### What the task asks
Would you please repeat, word for word, only the lines from the one holding "RS PRO LED Dual" through the one holding "Associated Spring Raymond" in the material below, without the pictures?

____

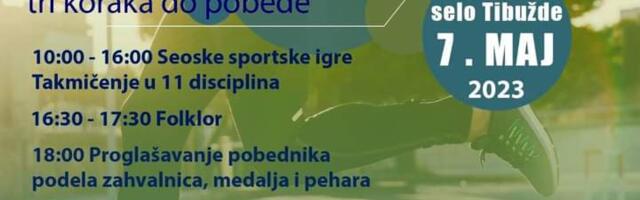 Seoske sportske igre u Tibuždu u nedelju 7. maja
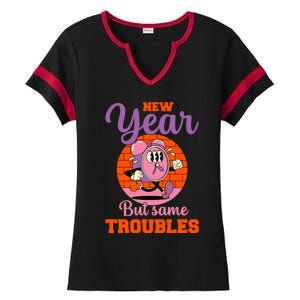 New Year Same Me Poke Fun At New YearS Resolutions Gift Ladies Halftime Notch Neck Tee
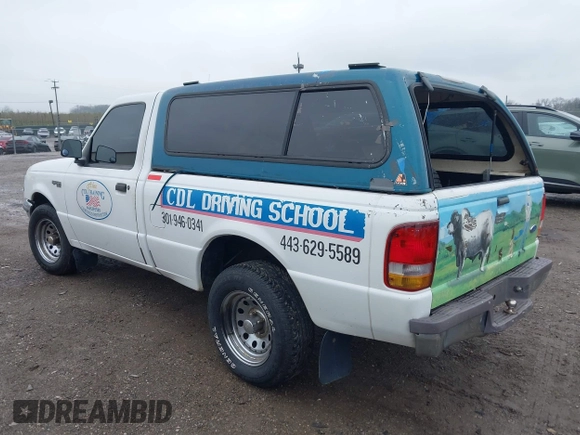 1997 Ford Ranger XLT with VIN 1FTCR10A3VTA48499, listed as a IAAI auction lot 41974081 with 150,447 mi miles. Bid and sale history available at carsss.com. Image 3.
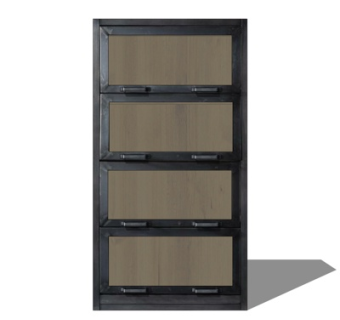 工业风实木装饰柜su模型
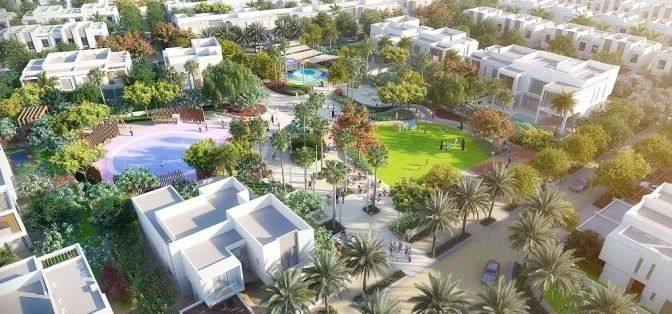 Al Zahia Yasmeen town house community with playground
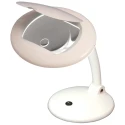 RS PRO LED Dual Magnifying Lamp with Table Lamp, 3dpt and 12dpt, 22W LED, 175 x 108 mm Lens, Model 808-7030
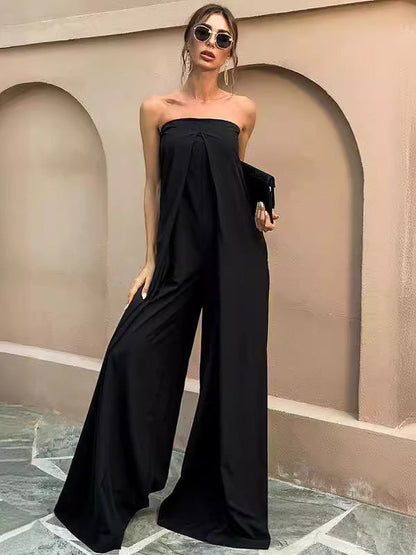 Elegant Off-Shoulder Jumpsuit for Women in Polyester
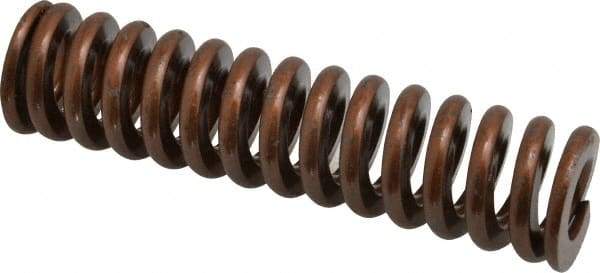 Associated Spring Raymond - 1" Hole Diam, 1/2" Rod Diam, 4" Free Length, Gold Die Spring - 480 Lb Max Deflection, 1.2" Max Deflection, Heavy Duty, Chromium Alloy Steel - Exact Industrial Supply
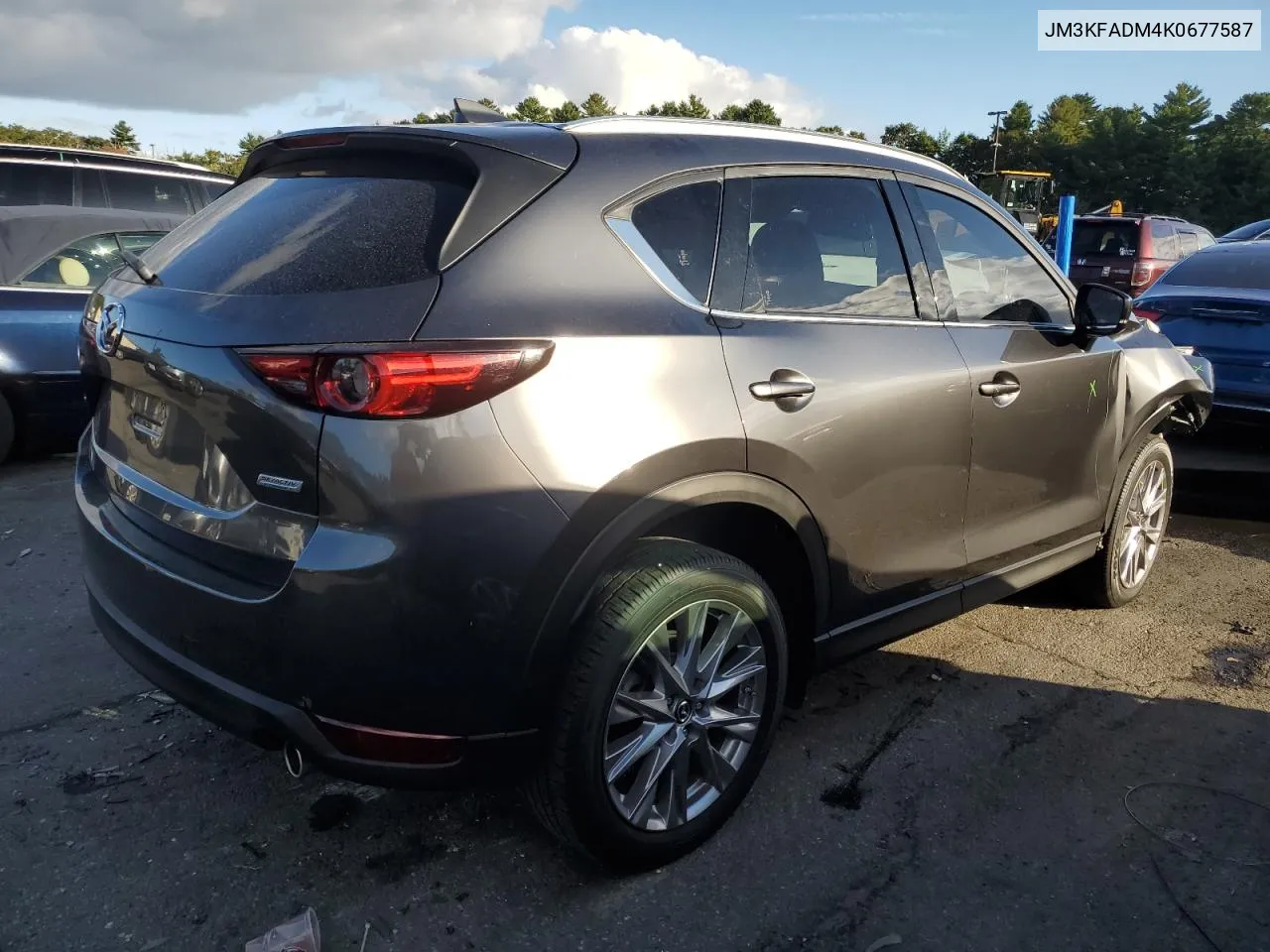 2019 Mazda Cx-5 Grand Touring VIN: JM3KFADM4K0677587 Lot: 73611244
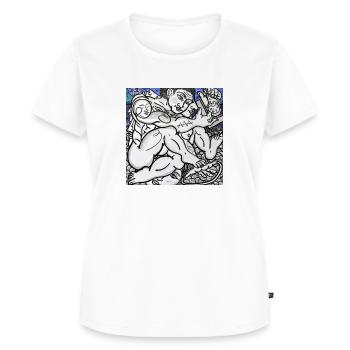 Bâtisseur sur les galets - T-shirt Premium bio Femme - blanc - Devant - AI Model Female 172 dark (172cm)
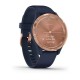 Смарт-годинник Garmin vivomove 3S з рожево-золотистим безелем та темно-синім ремінцем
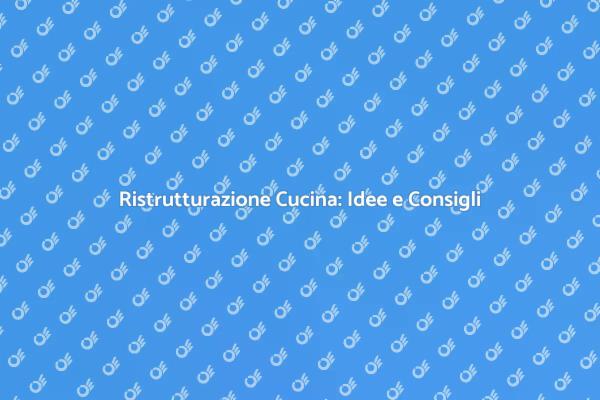 Trasforma la tua Cucina con Stile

____

### Problem solution
 RS PRO LED Dual Magnifying Lamp with Table Lamp, 3dpt and 12dpt, 22W LED, 175 x 108 mm Lens, Model 808-7030
 Elegant Off-Shoulder Jumpsuit for Women in Polyester
 Associated Spring Raymond - 1" Hole Diam, 1/2" Rod Diam, 4" Free Length, Gold Die Spring - 480 Lb Max Deflection, 1.2" Max Deflection, Heavy Duty, Chromium Alloy Steel - Exact Industrial Supply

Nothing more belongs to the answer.